In samples 1а, 2а, За, 4а, 5а, in the absence of the activator - additive "Amirol-M", the amount of split fat decreases.

The set of properties of the fatty substrate determined the possibility of its use as a new source of fatty raw materials in both traditional and new directions of petrochemical synthesis. The information provided in the patent sources made it possible to identify new trends in the development of industrial production, for example, lubricants, lubricating and cooling fluids, fat-enriching preparations, which are based on the use of biodegradable products (5 5595965 A, 6C 10М 117/00, 21.01.97 05 5641734 А, 6С 10М 161/00, 24.06.97), including synthetic fats (ММО 9617909 А1, 6С 10М 105/38, 13.06.96; 005 5658863 А, 6С 10М 129/70, 19.01. 1997), hydroxyl-containing compounds (V. A. Vainshtok, N. Abdul-Bary Kasem "The influence of hydroxyl-containing compounds on the properties of foundry lubricants based on vegetable saponified sulfur", "Neftepererabotka i neftekhimiya", M. Mo7 1999), mono -, di- and triglycerides of various organic acids. And if each of these components is intended to improve individual characteristics of the final product, then the use of a fatty substrate, which includes a complex of types of similar compounds in various combinations, moreover, taking into account the synergistic effect, allows you to expand the possibilities of petrochemical synthesis and obtain a product with several improved quality indicators.

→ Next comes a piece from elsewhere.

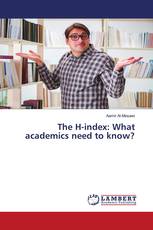 The H-index: What academics need to know?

In industrial conditions at JSC "AZMOL" by the proposed method of enzymatic destruction of sunflower oil, three samples (one ton each) of fat substrate with different depth of cleavage were obtained for use in three different directions. The by-products of this process are disposed of in the same factories. The obtained practical results confirmed the expediency of using a fat substrate as a new type of raw material, the possibility of simplifying and shortening the technological process of its production, improving the quality of the target products, and served as material for the registration of three independent applications for alleged inventions.

Claims (1)

The method of obtaining a fatty substrate by enzymatic splitting of fats in the presence of water and an activator, at a temperature that ensures the viability of the enzyme, which is characterized by the fact that lipolactin is used as an enzyme, and the adsorption-active additive "Amirol-M" is used as an activator, taken respectively 4-695 mass and 5-995 wt., and the process is carried out at an initial temperature of 15-17"7C with subsequent exothermic increase and further maintenance at the level of 34-37"C at a medium pH of 5.8-6.3.